LOS ANGELES (Bloomberg) -- Toyota Motor Corp.'s revamped Camry, key to the carmaker's U.S. sales revival, is likely to win a favorable review from Consumer Reports magazine, which has been critical of other Toyota and Honda Motor Co. models.
The magazine published by Consumers Union, a non-profit group, is evaluating the 2012 Camry that went on sale in October, David Champion, senior director of vehicle testing, said in an interview.
"It's better than the last Camry," Champion said at the Los Angeles Auto Show last week. "Interior fit and finish is pretty good. It has good-quality materials. The seats are pretty good. Fuel economy is a bit better."
Carmakers seek favorable evaluations from the magazine as its reviews are considered the most objective because of policies of accepting no advertising and buying every vehicle it tests. While Toyota models historically fared well in Consumer Reports' reviews, in 2007 the magazine said it would scrutinize the brand more carefully because of problems it found in the Tundra pickup, Lexus GS luxury car and previous V-6 engine Camry sedan.
The magazine in August declined to recommend Honda's 2012 Civic small car, a model it previously favored in that segment. Honda has since said it's considering revisions to Civic, without elaborating.
Camry has been the best-selling car in the U.S. for 13 of the past 14 years, and Toyota has vowed to retain that position. Toyota's goal is to sell 360,000 units of Camry's next year, below 2007's record 473,108.
Camry sales fall
Sales this year through October fell 8.8 percent to 251,564 units, the result of reduced output after Japan's earthquake and tsunami cut supplies of parts, according to the company. The Camry decline mirrors Toyota's 8.8 percent U.S. sales slide during the same period.
Reviews for the 2012 Camry have been generally favorable, noting improved driving performance. Most also note that the new car's styling is more conservative than midsize rivals including Hyundai Motor Co.'s Sonata.
"Camry is going to continue to suffer at the hands of Sonata," Eric Noble, president of industry researcher The Car Lab, said at a conference in Los Angeles last week. "It is a far less emotive design."
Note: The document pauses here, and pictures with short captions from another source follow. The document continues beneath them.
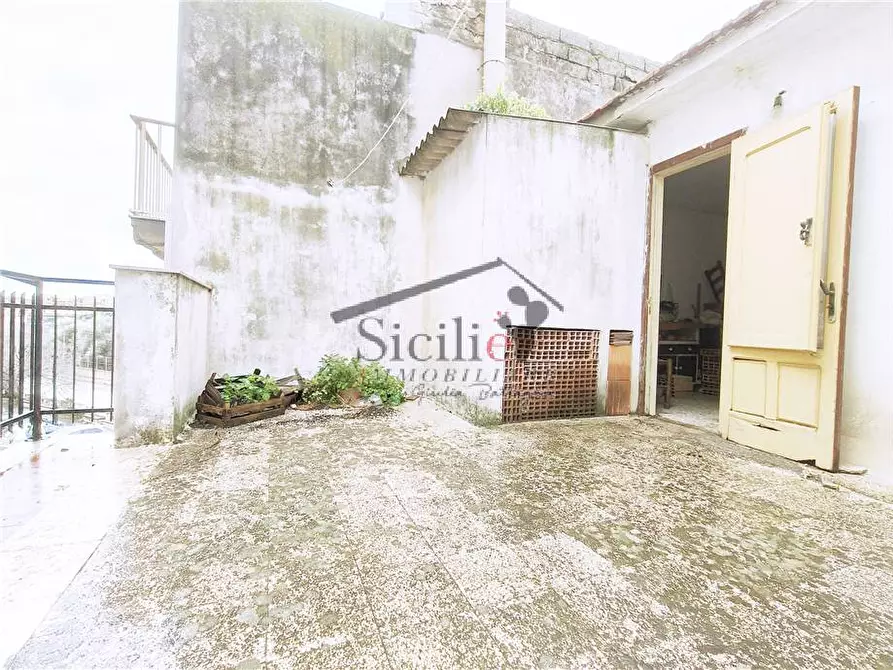 Immagine 16 di Villa in vendita  a Scicli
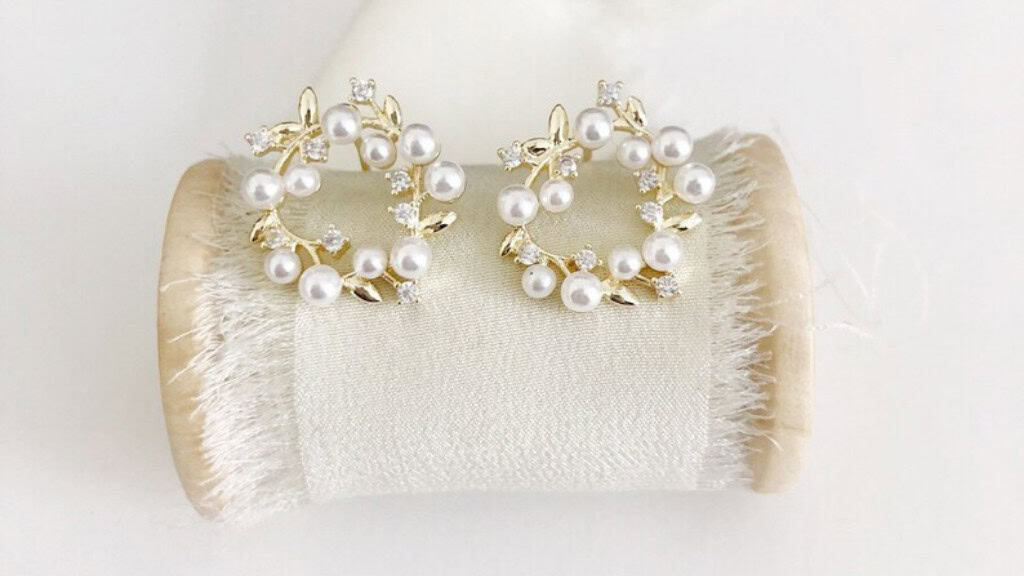 Gold Circle Pearl Wreath Stud Earrings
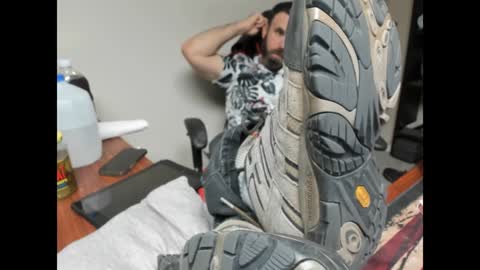 Snapshot of brutalmaster1983 chatting on December 24, 2024, 6:00 am BRUTALMASTER1983 online show from December 24, 2024, 6:00 am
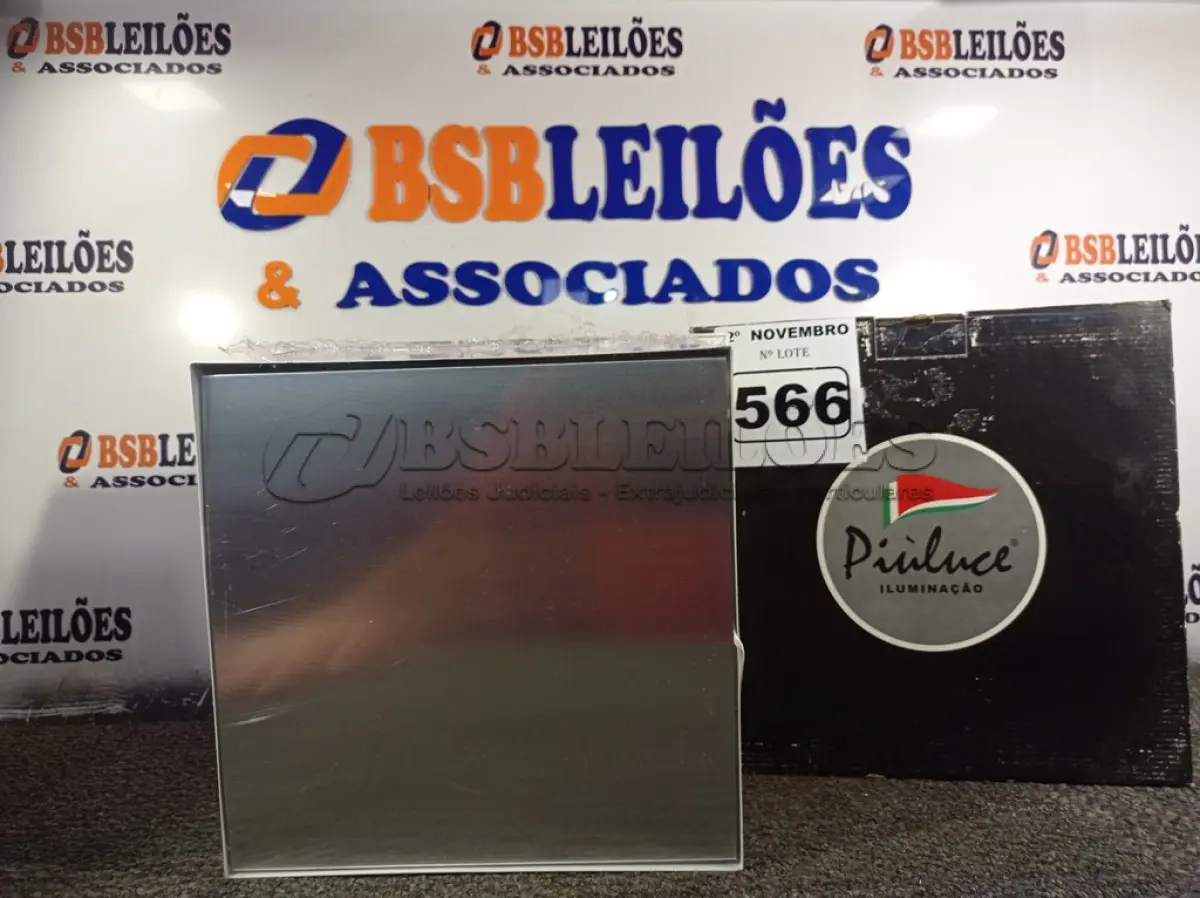 LOTE 566 - 02 LUMINÁRIAS DE EMBUTIR 30X30 PIOLUCE. (NO ESTADO) ATENÇÃO! FAZER A VISITAÇÃO ANTES DE ARREMATAR, NÃO SABEMOS SE FUNCIONA. LEILÃO NÃO TEM GARANTIA E NEM DEVOLUÇÃO, SUJEITO A POSSÍVEIS AVARIAS VISÍVEIS/OCULTAS E/OU AUSÊNCIA DE COMPONENTES.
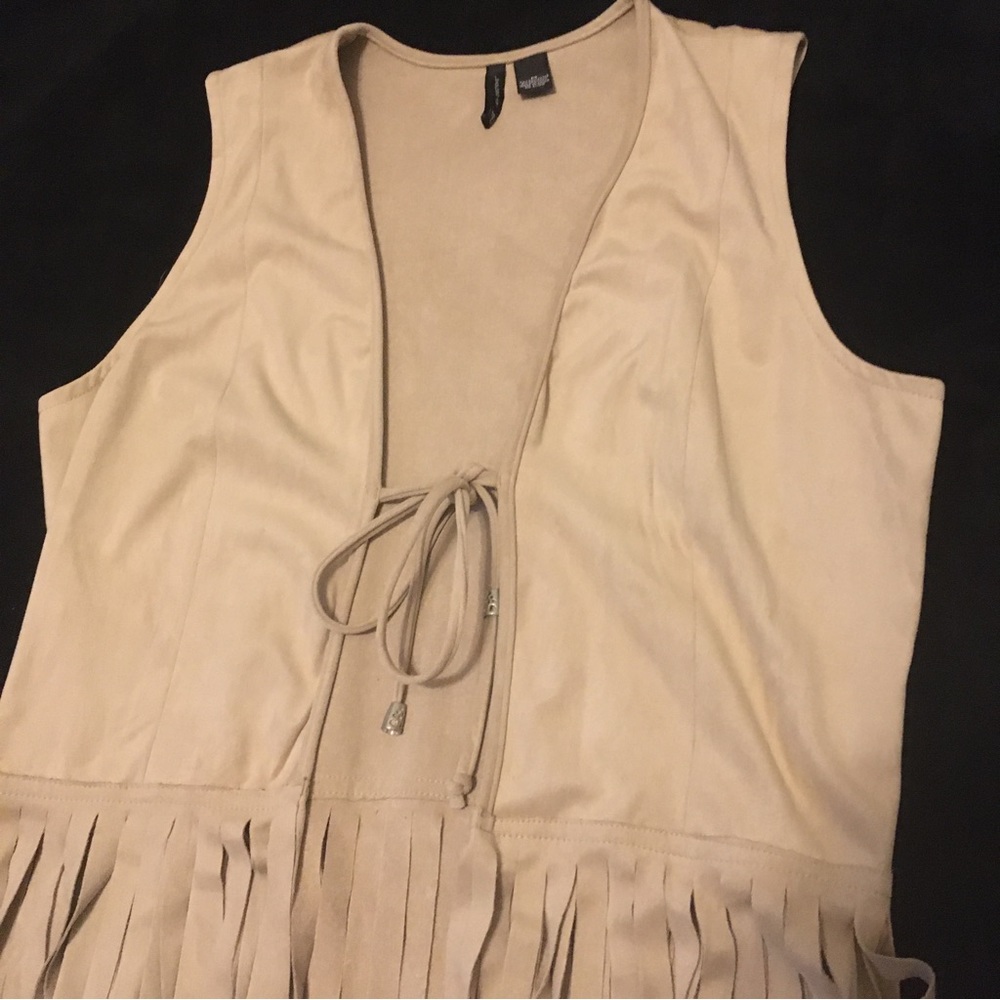 New Directions Tan Fringe Vest - Picture 2 of 10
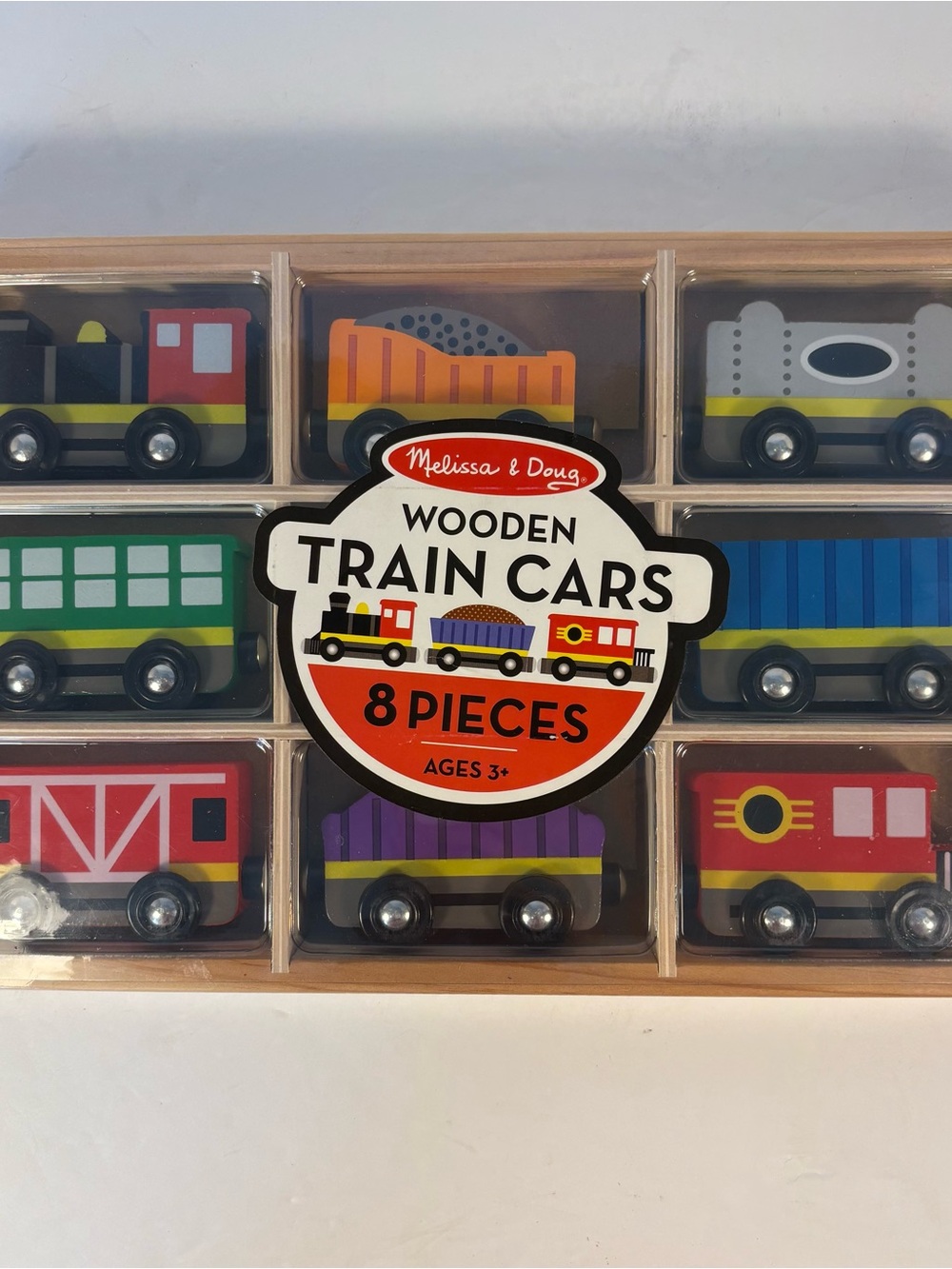 Melissa & Doug Wooden Magnetic Train Cars 8-piece set-New-Sealed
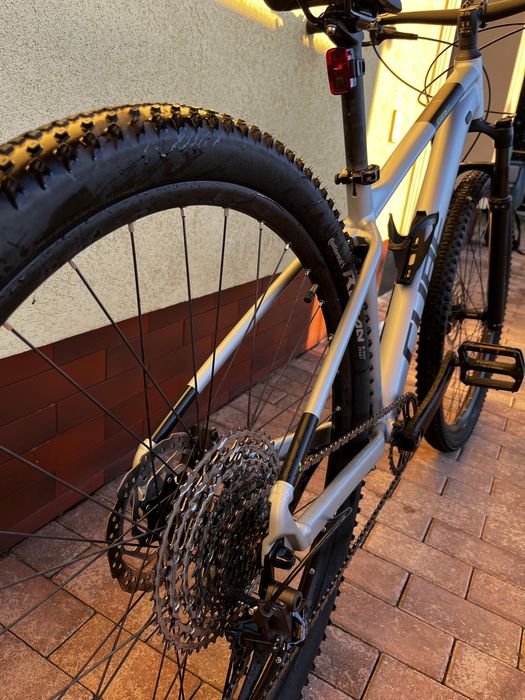 Bicicleta Cube Attention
In terms of styling, Toyota and Honda models are "yesterday's pastiche of old elements," Noble said. Sonata sales rose 16 percent through October to 192,953. Exterior styling is an issue because the new Camry "doesn't look that much different from the old one," Champion said.
'Doing very well'
Toyota estimates more than 6.8 million Camry models are on the road in the U.S., the largest owner base of any midsize sedan.
"The car is doing very well," Jim Lentz, president of Toyota's U.S. sales unit, said in an interview last week. "Customers love the exterior styling. They love the interior. They love the audio. We are really excited about the launch of this car."
Since sales began in October, most buyers of the new model are previous owners of Camrys and other Toyota models, Lentz said. The company still needs inventory to build up to reach traditional sales levels of 30,000 a month and that will occur "sometime in February or March," he said.
Toyota builds Camrys in Georgetown, Ky., and at an assembly line at affiliate Fuji Heavy Industries Ltd.'s Subaru plant in Lafayette, Ind.